Your assignment
Of the lines listed below, return exactly those that run from the line containing "I Love Paris" through the line containing "Милый детский нагрудник", both included.
[Opening Material for the task section]
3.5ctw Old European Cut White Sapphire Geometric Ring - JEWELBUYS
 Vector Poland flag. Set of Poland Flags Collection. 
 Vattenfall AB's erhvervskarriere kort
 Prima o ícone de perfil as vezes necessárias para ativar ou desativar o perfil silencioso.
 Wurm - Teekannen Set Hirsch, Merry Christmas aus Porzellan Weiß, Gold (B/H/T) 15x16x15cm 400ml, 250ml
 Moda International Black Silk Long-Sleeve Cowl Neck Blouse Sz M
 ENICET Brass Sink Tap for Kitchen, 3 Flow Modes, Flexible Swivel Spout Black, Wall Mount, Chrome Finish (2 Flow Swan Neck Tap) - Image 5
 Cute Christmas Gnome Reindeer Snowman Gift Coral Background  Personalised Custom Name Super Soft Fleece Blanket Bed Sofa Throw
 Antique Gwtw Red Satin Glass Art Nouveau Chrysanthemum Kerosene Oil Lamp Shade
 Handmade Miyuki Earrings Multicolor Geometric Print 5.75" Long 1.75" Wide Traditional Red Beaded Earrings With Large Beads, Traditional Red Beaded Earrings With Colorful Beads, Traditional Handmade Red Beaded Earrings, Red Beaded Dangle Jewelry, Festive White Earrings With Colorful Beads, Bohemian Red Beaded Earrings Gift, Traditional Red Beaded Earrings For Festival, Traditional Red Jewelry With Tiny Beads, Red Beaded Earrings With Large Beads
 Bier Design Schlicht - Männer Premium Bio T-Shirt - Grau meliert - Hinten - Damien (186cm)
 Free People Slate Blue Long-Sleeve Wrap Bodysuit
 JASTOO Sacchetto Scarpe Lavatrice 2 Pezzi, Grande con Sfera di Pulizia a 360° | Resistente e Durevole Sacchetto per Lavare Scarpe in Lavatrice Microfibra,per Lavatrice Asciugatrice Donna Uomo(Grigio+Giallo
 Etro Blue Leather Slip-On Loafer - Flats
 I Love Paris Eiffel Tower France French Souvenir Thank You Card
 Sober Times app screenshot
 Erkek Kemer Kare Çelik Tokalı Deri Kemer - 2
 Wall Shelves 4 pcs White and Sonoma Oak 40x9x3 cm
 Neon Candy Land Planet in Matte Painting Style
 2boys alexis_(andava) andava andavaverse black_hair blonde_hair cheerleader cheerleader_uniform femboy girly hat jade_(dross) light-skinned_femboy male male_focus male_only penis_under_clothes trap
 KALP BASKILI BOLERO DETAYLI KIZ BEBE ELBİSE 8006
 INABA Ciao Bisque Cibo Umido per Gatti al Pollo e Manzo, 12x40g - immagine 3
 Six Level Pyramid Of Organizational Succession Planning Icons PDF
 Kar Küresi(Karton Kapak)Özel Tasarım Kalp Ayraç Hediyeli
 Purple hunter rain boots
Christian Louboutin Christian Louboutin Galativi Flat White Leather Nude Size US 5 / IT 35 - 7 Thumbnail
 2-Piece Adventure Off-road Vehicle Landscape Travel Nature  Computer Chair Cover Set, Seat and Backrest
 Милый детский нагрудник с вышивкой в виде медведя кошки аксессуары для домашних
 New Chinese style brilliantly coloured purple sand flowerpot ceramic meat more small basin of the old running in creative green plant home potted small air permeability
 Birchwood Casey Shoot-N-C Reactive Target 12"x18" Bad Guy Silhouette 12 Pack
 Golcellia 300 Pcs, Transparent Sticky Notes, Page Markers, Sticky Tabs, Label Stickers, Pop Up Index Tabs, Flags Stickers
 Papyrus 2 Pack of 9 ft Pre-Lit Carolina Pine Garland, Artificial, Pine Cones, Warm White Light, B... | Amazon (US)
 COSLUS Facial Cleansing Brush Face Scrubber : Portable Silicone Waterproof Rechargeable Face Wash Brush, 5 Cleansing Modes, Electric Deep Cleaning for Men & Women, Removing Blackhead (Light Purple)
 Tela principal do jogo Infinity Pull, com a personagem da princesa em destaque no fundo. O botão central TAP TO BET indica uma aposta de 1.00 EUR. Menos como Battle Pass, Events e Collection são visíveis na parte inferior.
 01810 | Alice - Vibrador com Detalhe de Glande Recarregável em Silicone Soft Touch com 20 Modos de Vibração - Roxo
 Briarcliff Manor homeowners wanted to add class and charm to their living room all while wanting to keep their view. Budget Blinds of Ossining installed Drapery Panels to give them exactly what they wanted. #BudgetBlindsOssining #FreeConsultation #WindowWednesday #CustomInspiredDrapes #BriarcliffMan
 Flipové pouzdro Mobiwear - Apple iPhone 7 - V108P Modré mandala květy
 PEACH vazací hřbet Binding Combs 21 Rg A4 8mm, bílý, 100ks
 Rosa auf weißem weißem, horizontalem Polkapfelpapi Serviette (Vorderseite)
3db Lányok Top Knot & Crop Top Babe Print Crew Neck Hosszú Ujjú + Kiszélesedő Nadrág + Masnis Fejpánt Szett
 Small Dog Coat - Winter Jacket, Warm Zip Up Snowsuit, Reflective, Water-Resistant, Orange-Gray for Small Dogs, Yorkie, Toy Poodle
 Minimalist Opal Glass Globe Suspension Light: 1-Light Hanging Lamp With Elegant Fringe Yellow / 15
[Closing Material for the task section]
Answer area
 I Love Paris Eiffel Tower France French Souvenir Thank You Card
 Sober Times app screenshot
 Erkek Kemer Kare Çelik Tokalı Deri Kemer - 2
 Wall Shelves 4 pcs White and Sonoma Oak 40x9x3 cm
 Neon Candy Land Planet in Matte Painting Style
 2boys alexis_(andava) andava andavaverse black_hair blonde_hair cheerleader cheerleader_uniform femboy girly hat jade_(dross) light-skinned_femboy male male_focus male_only penis_under_clothes trap
 KALP BASKILI BOLERO DETAYLI KIZ BEBE ELBİSE 8006
 INABA Ciao Bisque Cibo Umido per Gatti al Pollo e Manzo, 12x40g - immagine 3
 Six Level Pyramid Of Organizational Succession Planning Icons PDF
 Kar Küresi(Karton Kapak)Özel Tasarım Kalp Ayraç Hediyeli
 Purple hunter rain boots
Christian Louboutin Christian Louboutin Galativi Flat White Leather Nude Size US 5 / IT 35 - 7 Thumbnail
 2-Piece Adventure Off-road Vehicle Landscape Travel Nature  Computer Chair Cover Set, Seat and Backrest
 Милый детский нагрудник с вышивкой в виде медведя кошки аксессуары для домашних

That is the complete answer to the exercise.